(DESCRIPTION OF THE TASK): From the line that includes "Adult Ohio State" to the last line of the records that follow, copy every line exactly and nothing more, omitting pictures.

(SUPPLIED MATERIAL):
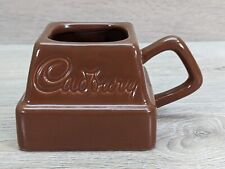 Vintage Cadbury’s Drinking Chocolate Block Chunk Cube Square Mug picture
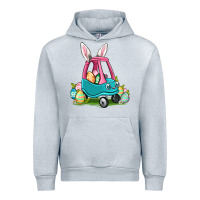 Heather Grey Easter toddler car Urban Hoodie - OliviaCreatesArt
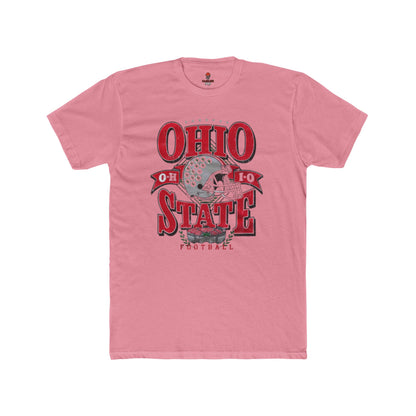 Adult Ohio State Football Unisex Cotton Crew Tee, Game Day Shirt, College Apparel, Sports Gift, Team Pride Tee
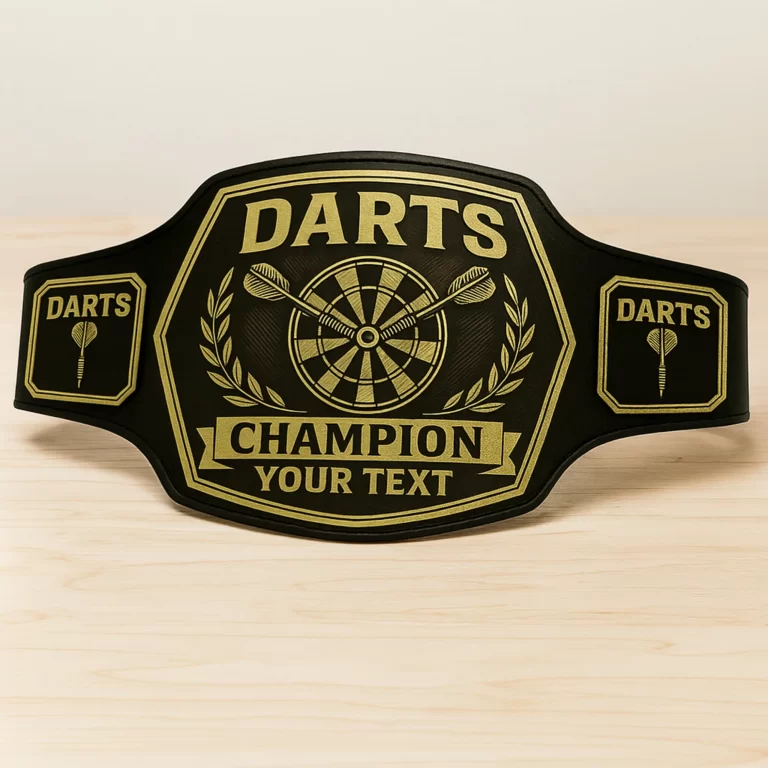 Dart Championship belt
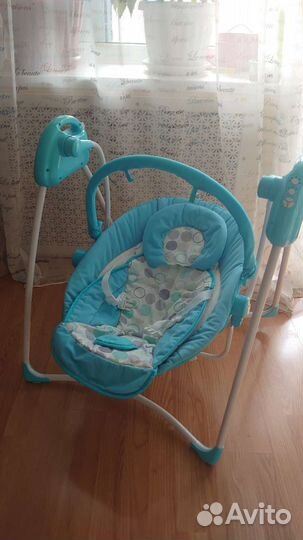 Качели Babyton Funny Time 2в1 электронные Blue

(THE COMPLETED TASK):
 Adult Ohio State Football Unisex Cotton Crew Tee, Game Day Shirt, College Apparel, Sports Gift, Team Pride Tee
 Dart Championship belt
 Качели Babyton Funny Time 2в1 электронные Blue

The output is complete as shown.